Unsupervised clustering method for pattern recognition in IIF images

  • Autori: Vivona, L.; Cascio, D.; Bruno, S.; Fauci, A.; Taormina, V.; Elgaaied, A.; Gorgi, Y.; Triki, R.; Ben Ahmed, M.; Yalaoui, S.; Catanzaro, M.; Brusca, I.; Amato, G.; Friscia, G.; Fauci, F.; Raso, G.
  • Anno di pubblicazione: 2017
  • Tipologia: Contributo in atti di convegno pubblicato in volume
  • OA Link: http://hdl.handle.net/10447/225049

Abstract

Autoimmune diseases are a family of more than 80 chronic, and often disabling, illnesses that develop when underlying defects in the immune system lead the body to attack its own organs, tissues, and cells. Diagnosis of autoimmune pathologies is based on research and identification of antinuclear antibodies (ANA) through indirect immunofluorescence (IIF) method and is performed by analyzing patterns and fluorescence intensity. We propose here a method to automatically classify the centromere pattern based on the grouping of centromeres on the cells through a clustering K-means algorithm.
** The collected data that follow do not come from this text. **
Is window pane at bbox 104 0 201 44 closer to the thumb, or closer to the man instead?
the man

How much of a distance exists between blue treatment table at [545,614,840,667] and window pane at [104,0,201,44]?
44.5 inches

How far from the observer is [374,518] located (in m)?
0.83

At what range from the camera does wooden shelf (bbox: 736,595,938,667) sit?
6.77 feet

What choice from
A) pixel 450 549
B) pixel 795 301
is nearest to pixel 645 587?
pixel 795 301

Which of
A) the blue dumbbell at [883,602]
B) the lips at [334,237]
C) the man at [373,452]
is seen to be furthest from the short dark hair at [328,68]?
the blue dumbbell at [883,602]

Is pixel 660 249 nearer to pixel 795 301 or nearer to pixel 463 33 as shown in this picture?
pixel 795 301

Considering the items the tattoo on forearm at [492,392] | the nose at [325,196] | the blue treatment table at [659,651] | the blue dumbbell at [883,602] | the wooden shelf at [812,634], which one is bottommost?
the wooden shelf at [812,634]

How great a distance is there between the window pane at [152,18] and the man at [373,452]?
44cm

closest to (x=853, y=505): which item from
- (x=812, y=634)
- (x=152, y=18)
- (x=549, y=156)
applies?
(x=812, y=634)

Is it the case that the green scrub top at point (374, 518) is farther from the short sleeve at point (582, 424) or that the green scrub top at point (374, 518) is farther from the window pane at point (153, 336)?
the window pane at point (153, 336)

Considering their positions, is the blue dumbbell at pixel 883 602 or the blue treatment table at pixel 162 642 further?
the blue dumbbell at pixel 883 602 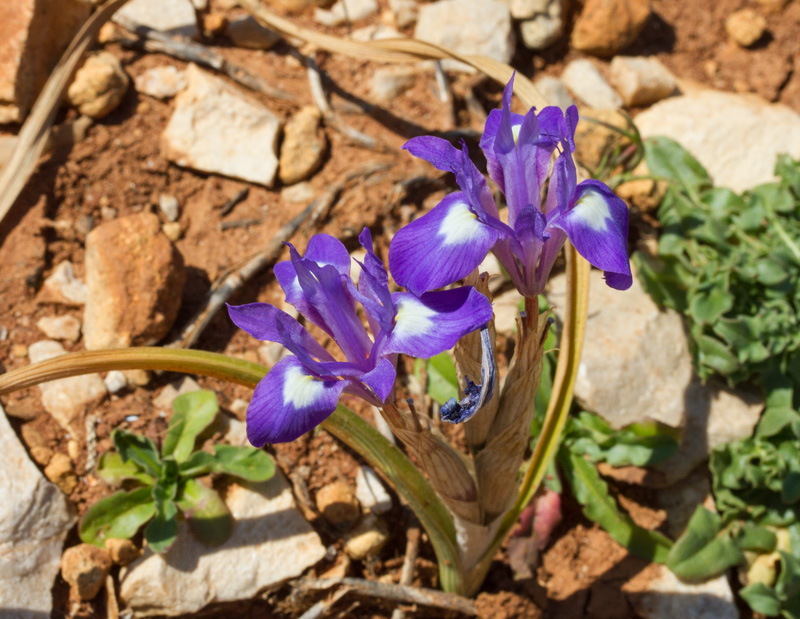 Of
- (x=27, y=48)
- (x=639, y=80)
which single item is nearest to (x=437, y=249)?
(x=27, y=48)

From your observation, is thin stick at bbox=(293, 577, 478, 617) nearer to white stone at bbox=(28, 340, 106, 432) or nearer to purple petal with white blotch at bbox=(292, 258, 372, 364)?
white stone at bbox=(28, 340, 106, 432)

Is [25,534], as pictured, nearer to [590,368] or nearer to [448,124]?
[590,368]

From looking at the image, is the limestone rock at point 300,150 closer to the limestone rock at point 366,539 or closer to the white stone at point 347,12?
the white stone at point 347,12

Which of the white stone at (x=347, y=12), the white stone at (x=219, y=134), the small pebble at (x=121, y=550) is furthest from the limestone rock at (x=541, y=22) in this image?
the small pebble at (x=121, y=550)

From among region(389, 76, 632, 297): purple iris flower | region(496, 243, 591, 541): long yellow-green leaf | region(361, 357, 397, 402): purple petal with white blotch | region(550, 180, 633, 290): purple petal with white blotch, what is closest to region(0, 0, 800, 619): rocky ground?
region(496, 243, 591, 541): long yellow-green leaf

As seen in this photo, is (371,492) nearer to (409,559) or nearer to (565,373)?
(409,559) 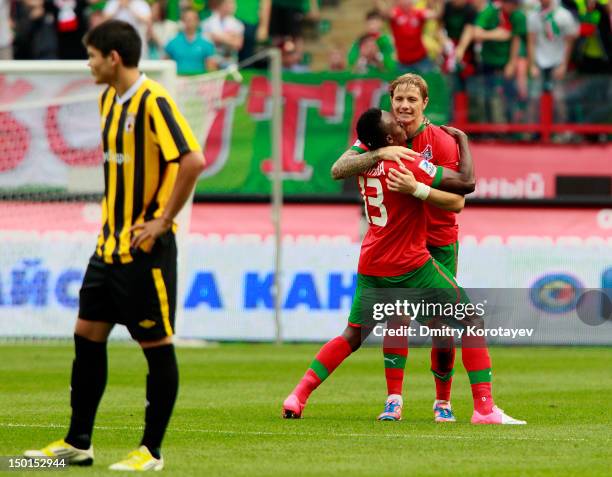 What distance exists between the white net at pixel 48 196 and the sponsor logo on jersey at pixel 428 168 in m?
9.02

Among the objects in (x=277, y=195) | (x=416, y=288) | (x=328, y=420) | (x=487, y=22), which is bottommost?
(x=328, y=420)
The described method was tested on a public database (MIVIA). The results of the test showed an Accuracy equal to (92.0 ± 1.0)%. Comparing our results with the results obtained on the MIVIA database it is possible to note that our method has a performance comparable with the three best values obtained. Indeed, the method here proposed allows an automatic segmentation and counting of the cells in the images, while the participants to the contest received the training set with the original images of the cells already segmented by specialists.